In the entries that follow, find the line containing "So the development" and the line containing "Save this file", then retype exactly the lines from the first through the second, pictures excluded.

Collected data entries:

BEGIN

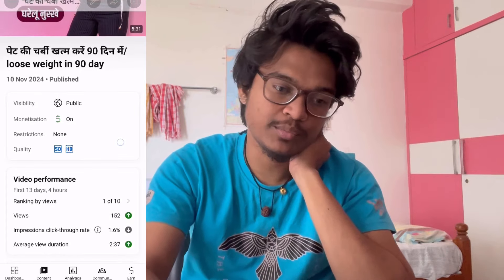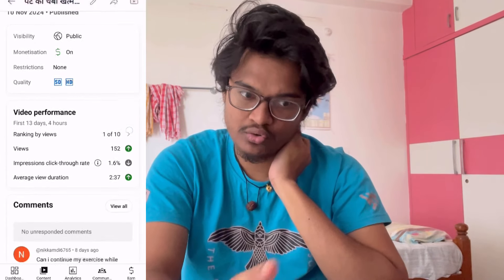Hi guys! There is a video with around 150 views. I'm going to show you how much YouTube revenue was generated. I'm going to show you a Hindi home remedies channel.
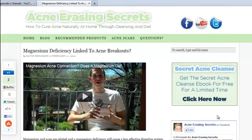Hey, it's David the Skin King from AcneRacingSecrets.com. In this video I want to show you how you can search the articles and videos within Acne Erasing Secrets. I've made a lot of videos now, up to about 244 videos and I'll be up to 250 in less than a couple of weeks. There's over 350 articles now, and I really highly recommend that you go and read these articles and watch the videos, even the older ones, to learn more and get rid of your acne and acne scars quicker.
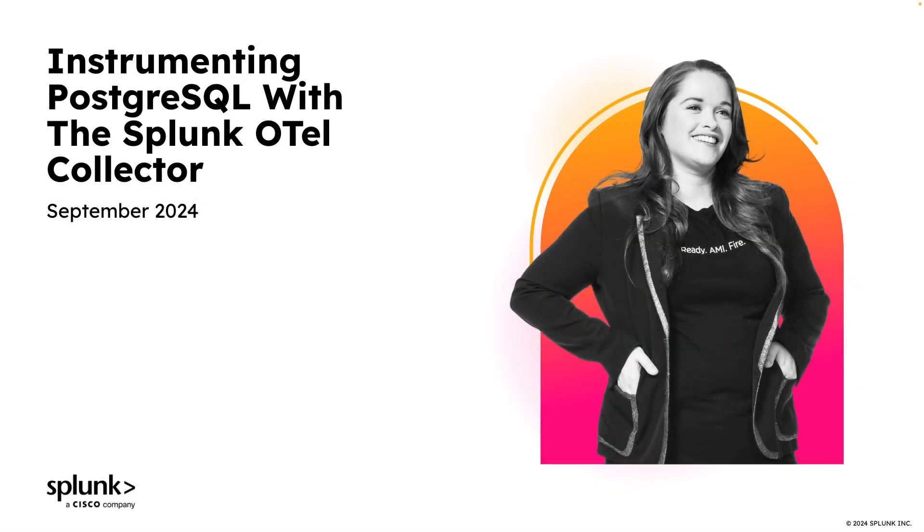Hey, what's up everybody? My name is Moss, and in this video, I'm going to show you how to instrument a Postgres database with the Splunk OpenTelemetry Collector.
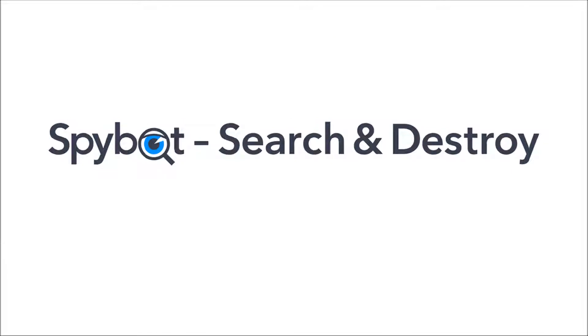So that's it for today's video on cleaning temporary files with the system scan using the SpyBot free edition.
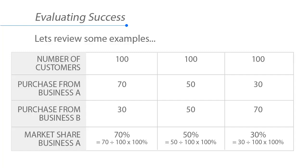If of those 100 customers, 50 purchase from business A and 50 purchase from business B, then the market share of business A is 50%: 50 divided by 100 times 100%.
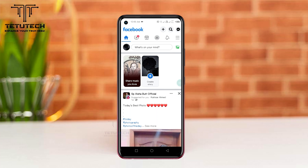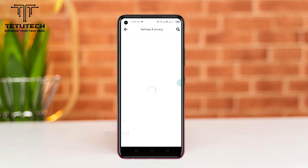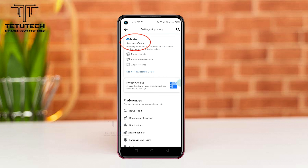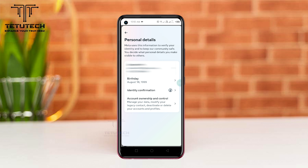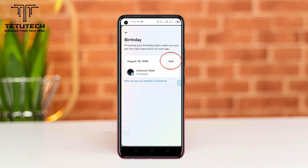Hi everyone, I will show you how to change your birthday on Facebook. First of all, you need to go to your Facebook app, then tap the three lines on the top right and go to Settings. Then tap the Meta Account Center and go to Personal Details. Now you need to tap your birthday option and tap Edit.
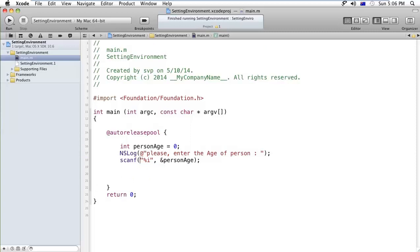You cannot use the @ assigned or in the scanf because it comes from the C or C++ library, right?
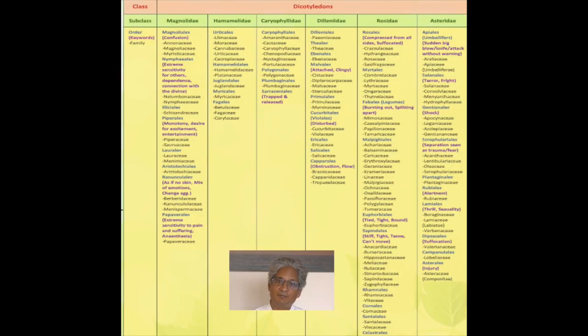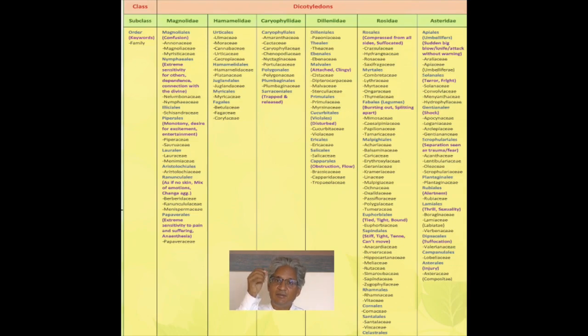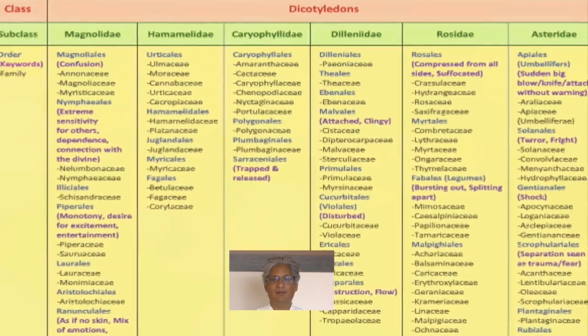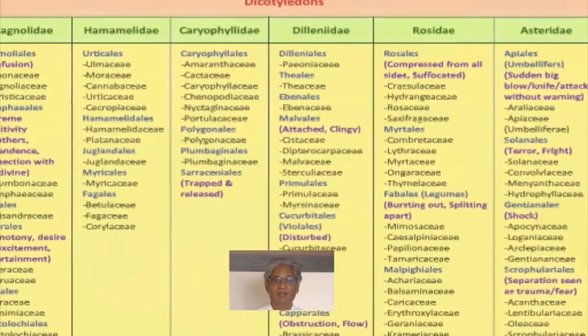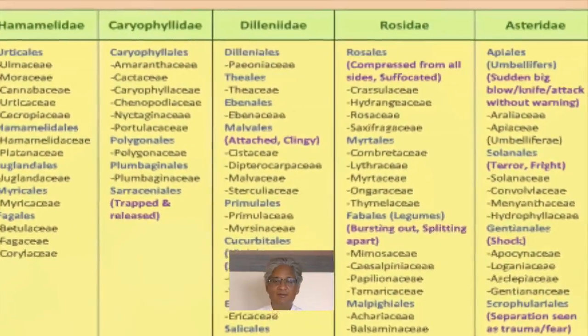So the development of this work — I started to explore and understand the common sensation of each subclass. For example, the family of Compositae, the family of Logenaceae, and the family of Solanaceae all come in the sixth subclass. I started to understand what is the common factor here, so that we could go to the subclass and then look for the family within that.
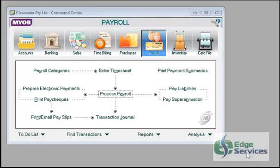In MYOB there is more than one way to get your paychecks printed or emailed. You can do it from the payroll screen from here.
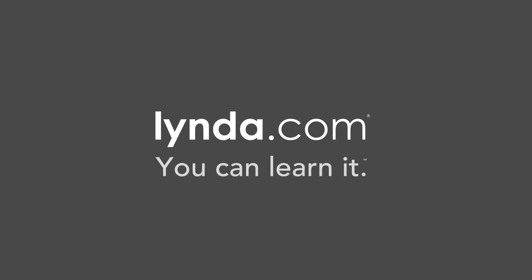A membership to lynda.com unlocks this entire course and hundreds of others. Visit lynda.com to learn more.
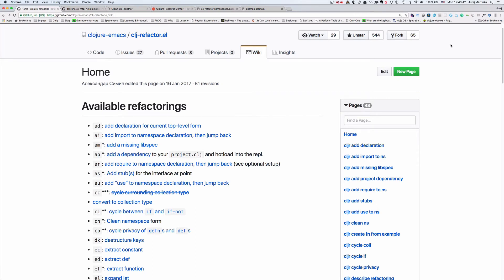Hello and welcome to the seventh episode of Clojure tip of the day screencast. In this episode I will show you how to use great Emacs package called clj-refactor to speed up your coding.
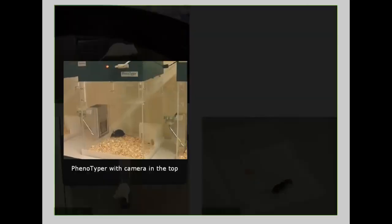Many standard tests take place in a novel environment away from the home cage which may be stressful for the animal.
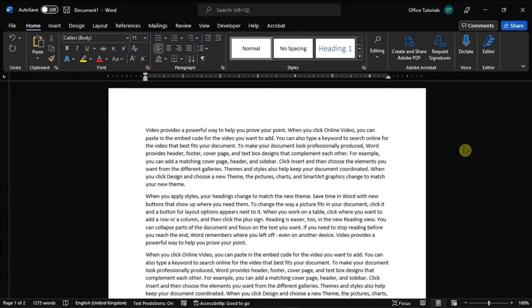To begin the process, launch your Microsoft Word on your device and open a new blank document or the document you're currently working on.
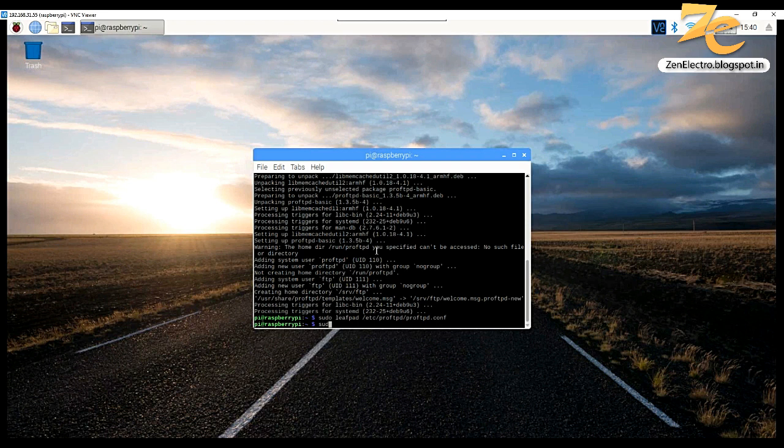Save this file and just restart the services for ProFTP.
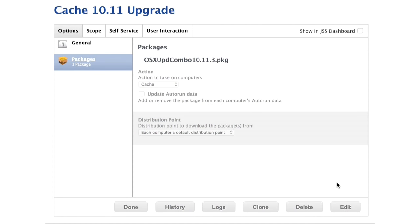This is what my policy looked like — very simple. We're just caching the combo update. In this case it was 10.11.3 at the time. Then 10.11.4 came out. My security team said 10.11.4 has a very serious security fix, so we cannot have anyone on 10.11.3. I had to go ahead and delete 10.11.3 from everyone's cache and get the 10.11.4 package in there instead.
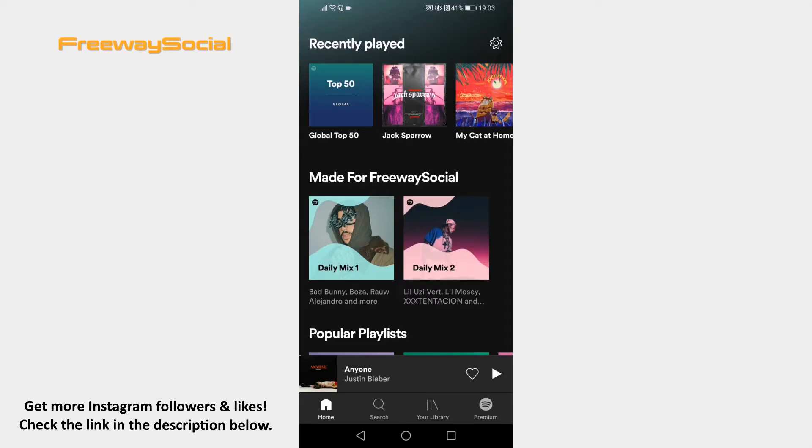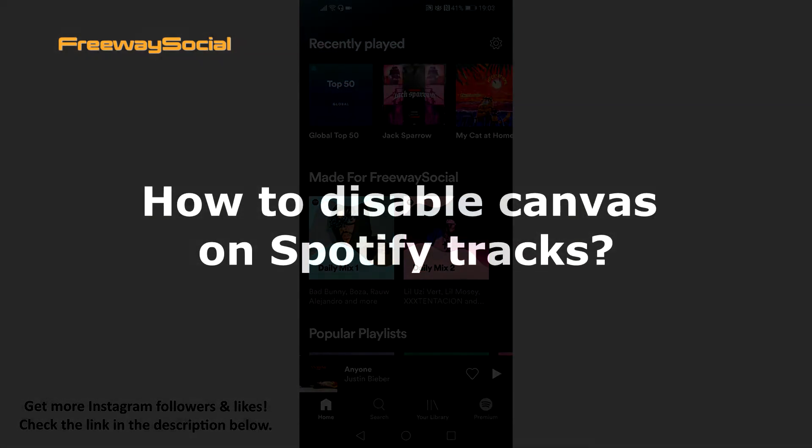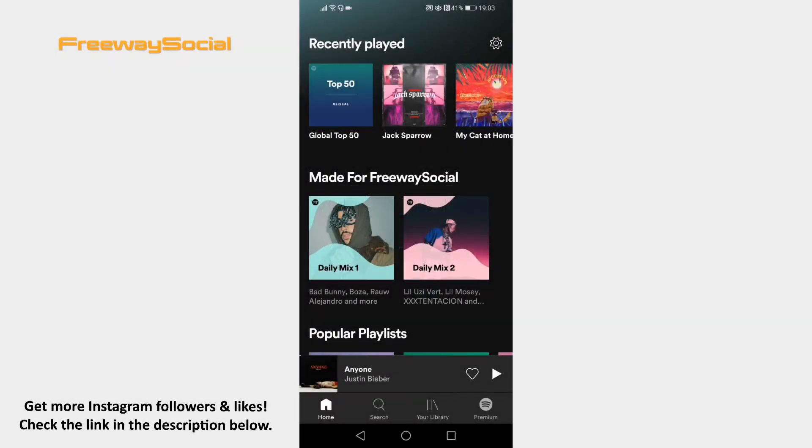Hey guys! This is Thomas from FreewaySocial.com and in this video I will show you how to disable Canvas on Spotify tracks. Want to disable Canvas on Spotify app? Just follow these steps and you will be able to do it.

END

**ANSWER FOR THE TASK**:
So the development of this work — I started to explore and understand the common sensation of each subclass. For example, the family of Compositae, the family of Logenaceae, and the family of Solanaceae all come in the sixth subclass. I started to understand what is the common factor here, so that we could go to the subclass and then look for the family within that.
In MYOB there is more than one way to get your paychecks printed or emailed. You can do it from the payroll screen from here.
A membership to lynda.com unlocks this entire course and hundreds of others. Visit lynda.com to learn more.
Hello and welcome to the seventh episode of Clojure tip of the day screencast. In this episode I will show you how to use great Emacs package called clj-refactor to speed up your coding.
Many standard tests take place in a novel environment away from the home cage which may be stressful for the animal.
To begin the process, launch your Microsoft Word on your device and open a new blank document or the document you're currently working on.
Save this file and just restart the services for ProFTP.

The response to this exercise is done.